◆ **Task objective**:
Without omitting anything, return the records precisely as given.

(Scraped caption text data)
● ● ● ● ●

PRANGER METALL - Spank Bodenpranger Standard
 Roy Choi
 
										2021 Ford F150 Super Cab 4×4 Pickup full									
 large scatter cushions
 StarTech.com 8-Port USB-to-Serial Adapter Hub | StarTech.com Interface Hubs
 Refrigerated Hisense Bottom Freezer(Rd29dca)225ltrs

● ● ● ● ●

◆ **Expected output**:
PRANGER METALL - Spank Bodenpranger Standard
 Roy Choi
 
										2021 Ford F150 Super Cab 4×4 Pickup full									
 large scatter cushions
 StarTech.com 8-Port USB-to-Serial Adapter Hub | StarTech.com Interface Hubs
 Refrigerated Hisense Bottom Freezer(Rd29dca)225ltrs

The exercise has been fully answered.